In both of these commercial, English-language movies, Nair envelops her characters and settings in a wry yet forgiving sort of affection, often shooting the grittiest backdrop -- Mina's family's rundown motel, say -- in welcoming crayon shades, and letting even the least likable characters come around in the end. And while neither picture pushes very far beyond its formulaic feel-good outlines, each is made with a documentarist's soft spot for the real, the messy, the mixed-up.

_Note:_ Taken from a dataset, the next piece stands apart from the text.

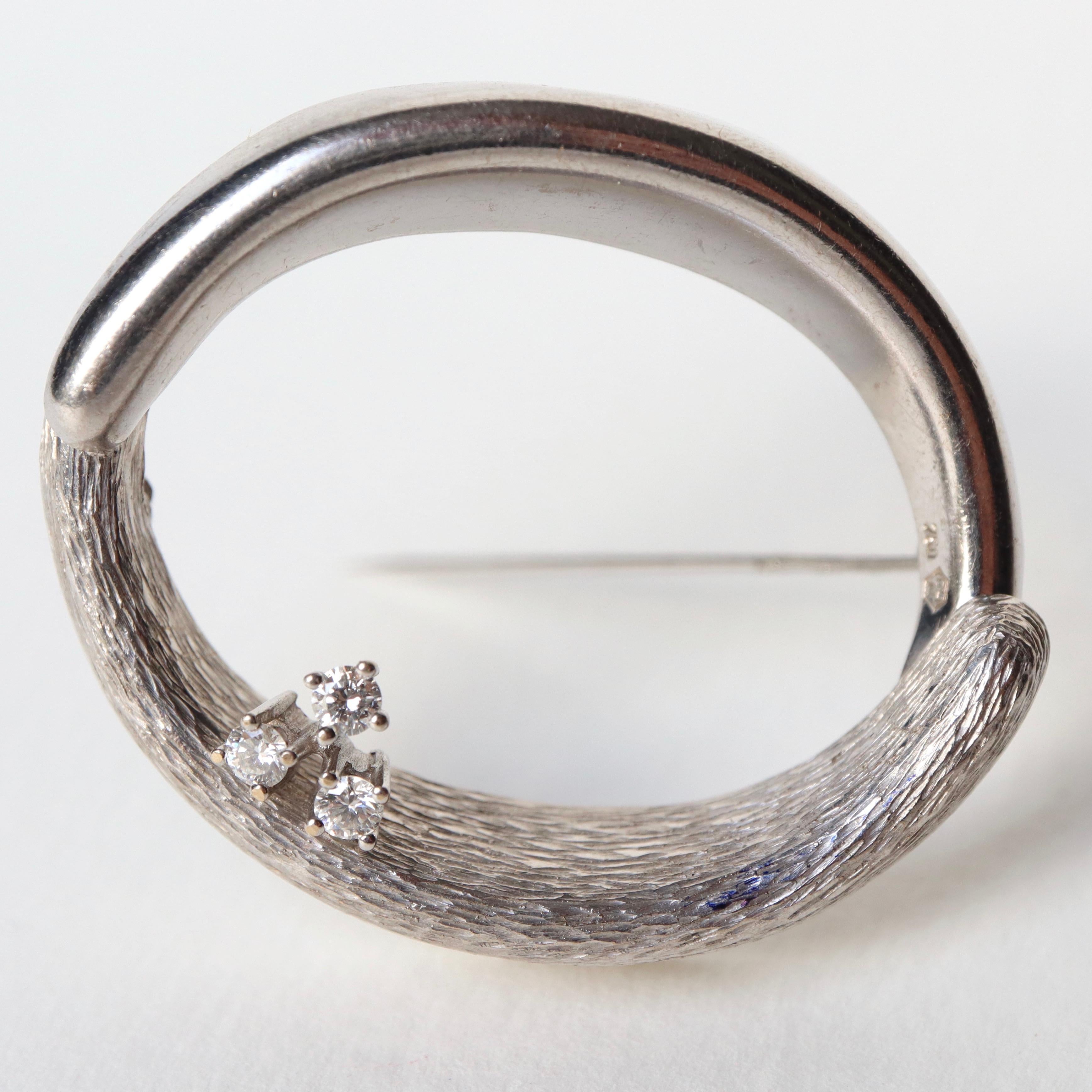 White Gold Brooch 18kt and Diamonds For Sale 1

Though Nair's last film, Kama Sutra: A Tale of Love, is a bona fide dud (I was not alone, I think, in wondering if she'd lost it with this arty bodice-ripper), it too focuses on the kind of internal contradiction that propels her better movies. In this case, however, it's not the characters who are juggling different identities but the movie itself. Ostensibly based on Vatsyayana's third-century erotic treatise, Kama Sutra lifts its luscious color scheme from a Great Mogul miniature and its dialogue from an airport paperback. And while it might have been fun as a purplish piece of camp trash -- the film features Ed Wood-worthy lines like "My Lotus Woman! I found her! I lust her!" -- Nair and her co-writer Helena Kriel take themselves and their soft porn much too seriously: In trying to create a pertinent, feminist rereading of the ancient book of love, they manage only to render it ludicrous.
Monsoon Wedding is, then, not just a return to form, to New Delhi, to comedy, and to the Hindi language. It's really Nair's most relaxed and personal concoction so far -- not, perhaps, a great work of art, but a strongly felt, richly realized entertainment, a tipsy toast to her home and the world.